Conglomerate San Miguel Corp., by acquiring Holcim Philippines Inc. two weeks ago, has cemented its hold as one the country’s biggest infrastructure companies.
It is now in a better position to see the significant completion of its major infrastructure projects from toll roads and airports to railways, in step with the ambitious drive of the President Rodrigo Duterte to bring the Philippines to the golden age of infrastructure, when gridlock will be a thing of the past and travel time is very much predictable.
San Miguel’s acquisition of Holcim from European giant LaFarge Holcim for $2.15 billion has made the diversified conglomerate a total infrastructure corporation, with significant assets in the toll road and railway sectors, water and power, airports and port operations.
San Miguel, with assets of P1.7 trillion, also broke the decades-old hold of foreign multinational companies on a vital industry where the country’s future economic growth is literally built on: cement manufacturing. The conglomerate bested Anhui Conch, China’s largest cement company, for the right to buy Holcim from LaFarge Holcim, which has decided to exit Southeast Asia.
Cement supply is a major and critical input to infrastructure development. The Philippines, in the midst of a property boom and construction frenzy, cannot afford to be at the mercy of global risk factors affecting foreign multinationals and international suppliers.
Prior to San Miguel’s major entry, the top three cement companies, LaFarge Holcim, Republic Cement, and Cemex—all affiliated with foreign multinational companies—aggregately controlled over 70 percent of the local market. In contrast, the cement industry in Indonesia, Vietnam, Malaysia and Thailand is dominated by local players.
There has been a pushback on foreign ownership of the cement industry across Southeast Asia because of the product’s critical role in economic development.
The situation is worse in the Philippines. It is now the third largest importer of cement in the world after relying on foreign manufacturers that dominate the local market.
The Philippines in 2016 imported some 6.4 million tons of cement, with 3.8 MT coming from Vietnam. Almost 25 percent of Philippine cement consumption at the time was fed by imports. In 2018, it became the only net importer of cement among the five large countries in Southeast Asia. The Philippines imported some 8.4 million tons, or 25 percent of the domestic capacity. Imports accounted for 35 percent of the demand, while the local industry supplied the balance.
With the continued rise in cement demand brought about by Build Build Build, private sector infra initiatives and the overall rise in construction projects fueled by the country’s growing economy, it makes a lot of sense for a Filipino company like San Miguel to take over Holcim.
As one of the country’s largest and most diversified conglomerates, San Miguel has the capability and resources to manage—even upgrade and upscale—Holcim’s operations. In much the same way it is increasing its manufacturing capacity for food and beverage products, raising cement production to meet the projected demand—or just lessen dependence on imports—is one of the things that the conglomerate can immediately do.

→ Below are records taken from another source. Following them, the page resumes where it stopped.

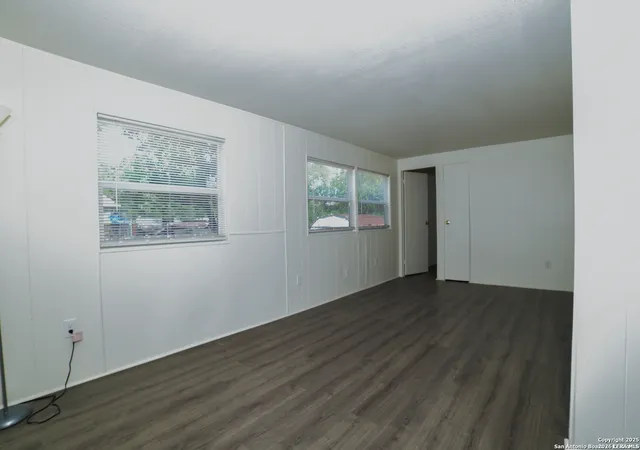 Photo 4 of Multi family home for sale at 215 Greenlawn Ave, Pleasanton, TX 78064 | MLS# 1997135 | Listing updated on 2026-07-13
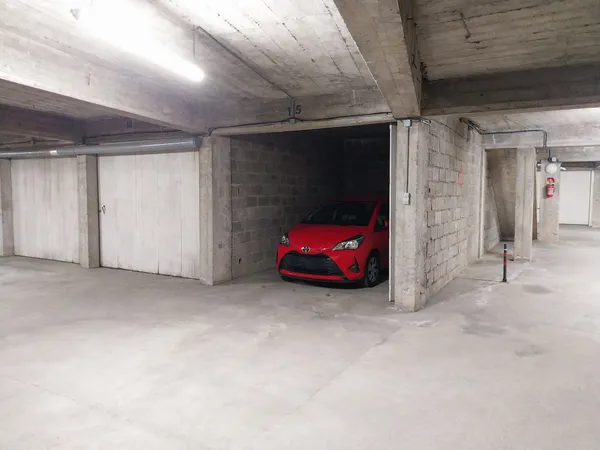 Garage fermé 15m² à Saint-Brieuc dans ensemble immobilier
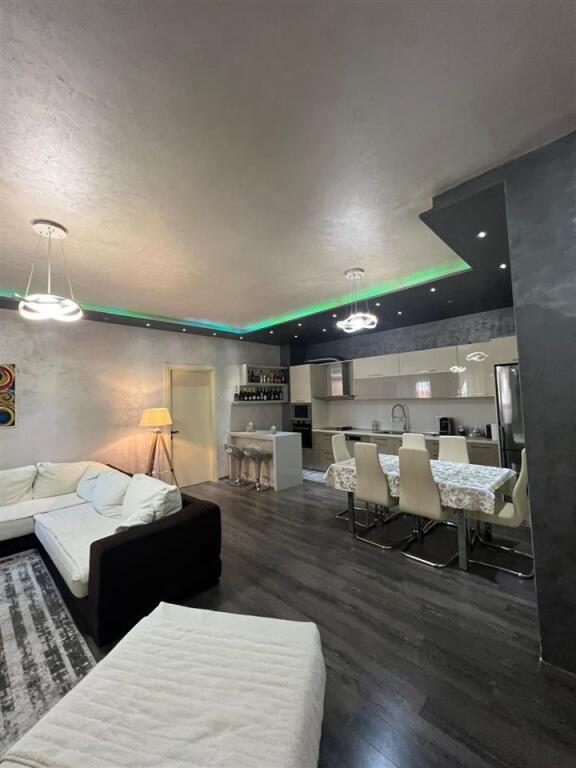 Shitet super apartament 2+1+2 ngjitur me Kompleksin Delijorgji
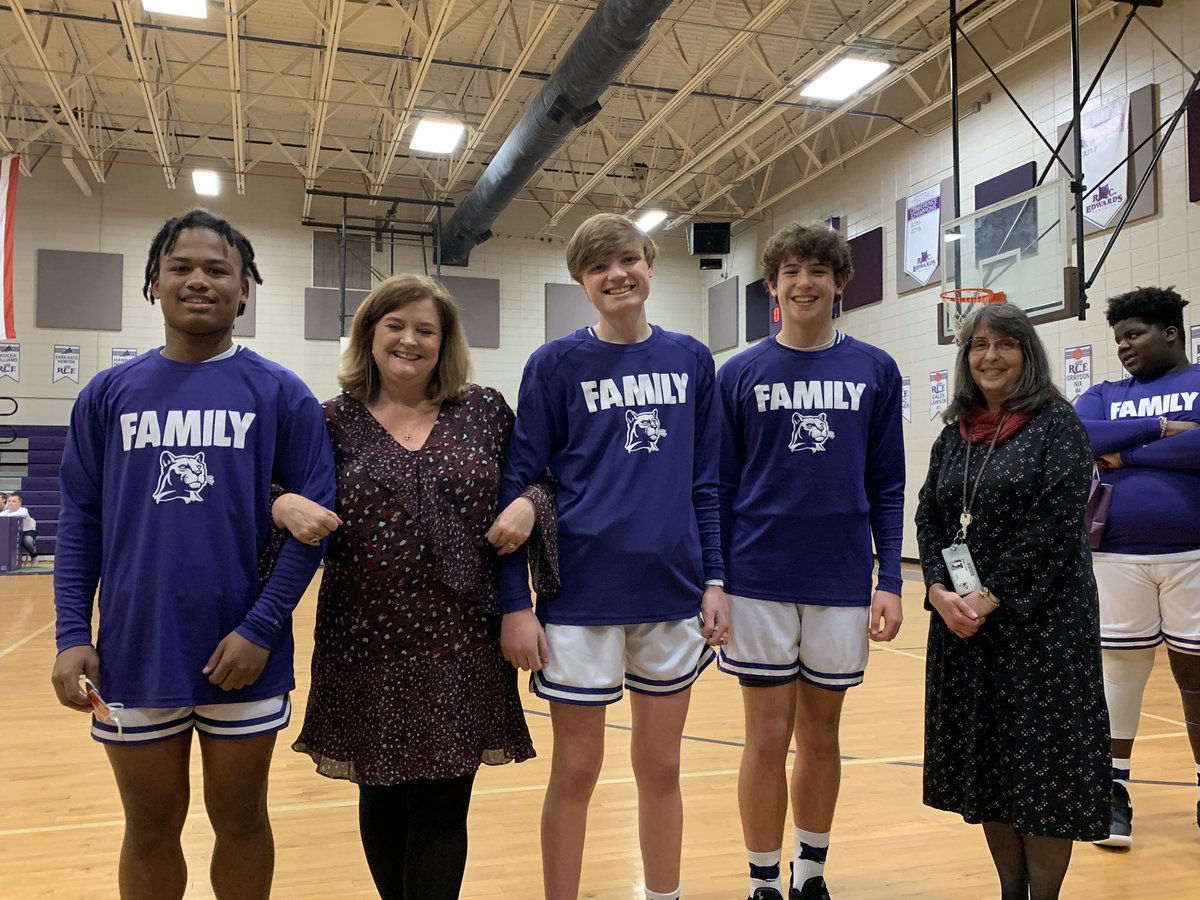 RCEMiddle's tweet photo. 8th Grade Teacher Appreciation Night #teamRCE🐾 #RCEhoops🏀 #loveourteachers💜 https://t.co/s6kJdMJzj4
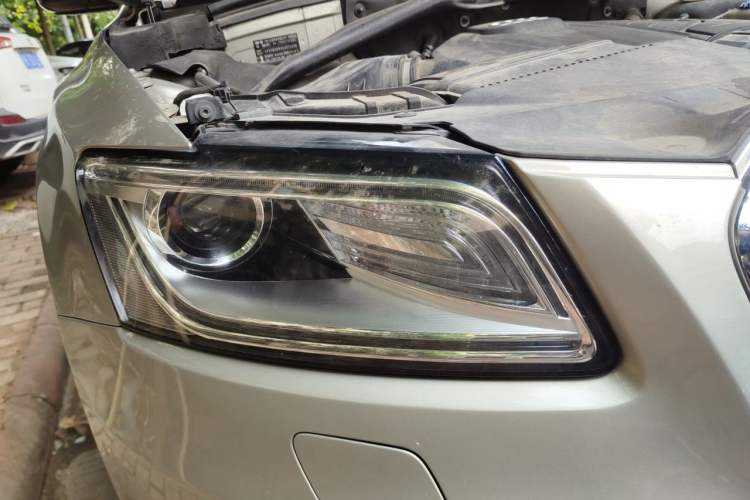 Used Audi Q5 2016 40 TFSI Technology Edition Right Front Headlight
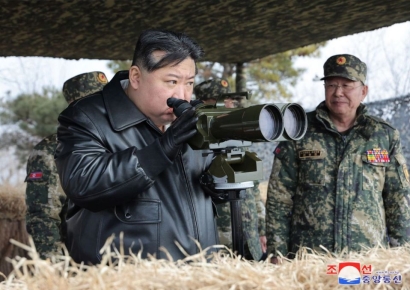 '尹 지지율' 하락 노렸나…'대적연구원' 등장시킨 북한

None of the foreign groups has invested in a single new kiln line since taking over the local cement industry, although the demand has risen from around 12 million tons in 2003 to over 30 million tons in 2018. They simply made minor adjustments to old facilities and took out from the Philippines huge amounts of dividends, technical fees and other payments to invest in other countries.
San Miguel president and chief Ramon Ang, meanwhile, is one local business leader who is capable of making Holcim more efficient to meet the country’s needs. San Miguel, under the helm of Ang, owns one of the largest infrastructure firms in the country, responsible for such large-scale projects such as the MRT-7, Skyway Stage 3, the Tarlac-Pangasinan-La Union Expressway, the Naia Expressway, the SLEX TR4 extension to Quezon province, and the Southeast Metro Manila Expressway or Skyway 4 projects.
A major consideration for San Miguel’s bid for Holcim will most likely be its infrastructure business. By leveraging on the combined strength and synergies between these two businesses, the company will not only be in a better position to complete and pursue new infrastructure projects, it will also be able to supply the needs of other infrastructure companies in the country.
San Miguel is also looking to build possibly the largest and most ambitious infrastructure project in the Philippines today: The New Manila International Airport that will rise rise on a 2,500 hectare property in Bulacan province. Such a vital infrastructure project cannot be subject to risks associated with foreign cement manufacturers.